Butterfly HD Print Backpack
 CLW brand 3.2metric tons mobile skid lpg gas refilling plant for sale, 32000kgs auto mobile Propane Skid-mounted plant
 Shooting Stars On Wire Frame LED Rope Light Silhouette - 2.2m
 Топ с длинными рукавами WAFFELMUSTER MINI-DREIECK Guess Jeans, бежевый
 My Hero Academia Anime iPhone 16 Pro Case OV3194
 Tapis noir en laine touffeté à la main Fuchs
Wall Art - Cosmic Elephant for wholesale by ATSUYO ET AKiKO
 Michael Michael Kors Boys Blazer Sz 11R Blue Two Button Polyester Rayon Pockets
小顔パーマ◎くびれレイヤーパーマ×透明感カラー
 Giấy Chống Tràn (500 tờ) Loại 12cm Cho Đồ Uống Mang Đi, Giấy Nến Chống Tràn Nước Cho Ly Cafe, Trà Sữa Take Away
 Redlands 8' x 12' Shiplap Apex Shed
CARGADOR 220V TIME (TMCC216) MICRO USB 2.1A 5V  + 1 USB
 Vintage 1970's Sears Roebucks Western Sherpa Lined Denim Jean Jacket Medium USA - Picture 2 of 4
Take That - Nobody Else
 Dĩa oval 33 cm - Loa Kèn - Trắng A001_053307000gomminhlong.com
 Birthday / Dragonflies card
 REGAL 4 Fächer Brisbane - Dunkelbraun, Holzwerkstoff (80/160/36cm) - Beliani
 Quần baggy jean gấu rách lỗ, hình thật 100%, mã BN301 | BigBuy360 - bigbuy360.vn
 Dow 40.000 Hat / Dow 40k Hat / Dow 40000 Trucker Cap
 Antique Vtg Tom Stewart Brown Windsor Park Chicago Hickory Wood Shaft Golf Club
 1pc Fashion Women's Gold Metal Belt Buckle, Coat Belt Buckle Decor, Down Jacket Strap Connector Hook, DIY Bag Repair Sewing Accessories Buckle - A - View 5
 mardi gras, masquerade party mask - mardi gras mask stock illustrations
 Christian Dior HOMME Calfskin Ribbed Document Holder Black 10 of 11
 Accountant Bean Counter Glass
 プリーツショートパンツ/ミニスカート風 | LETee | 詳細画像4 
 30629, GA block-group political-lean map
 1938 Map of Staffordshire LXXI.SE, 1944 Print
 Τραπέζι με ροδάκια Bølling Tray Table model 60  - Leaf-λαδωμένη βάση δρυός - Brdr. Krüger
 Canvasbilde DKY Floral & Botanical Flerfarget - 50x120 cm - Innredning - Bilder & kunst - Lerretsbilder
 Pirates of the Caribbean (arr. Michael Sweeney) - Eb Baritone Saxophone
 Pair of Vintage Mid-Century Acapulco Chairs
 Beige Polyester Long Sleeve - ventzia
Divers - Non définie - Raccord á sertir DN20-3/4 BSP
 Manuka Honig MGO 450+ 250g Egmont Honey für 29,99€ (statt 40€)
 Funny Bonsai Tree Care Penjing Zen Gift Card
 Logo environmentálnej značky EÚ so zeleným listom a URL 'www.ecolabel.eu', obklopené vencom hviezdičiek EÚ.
+===+
* WORK TASK
Exact duplication is required for the lines above, from the line that contains "Quần baggy jean" to the line that contains "1pc Fashion Women's", inclusive; omit all others.

* RESULT OF THIS EXERCISE
 Quần baggy jean gấu rách lỗ, hình thật 100%, mã BN301 | BigBuy360 - bigbuy360.vn
 Dow 40.000 Hat / Dow 40k Hat / Dow 40000 Trucker Cap
 Antique Vtg Tom Stewart Brown Windsor Park Chicago Hickory Wood Shaft Golf Club
 1pc Fashion Women's Gold Metal Belt Buckle, Coat Belt Buckle Decor, Down Jacket Strap Connector Hook, DIY Bag Repair Sewing Accessories Buckle - A - View 5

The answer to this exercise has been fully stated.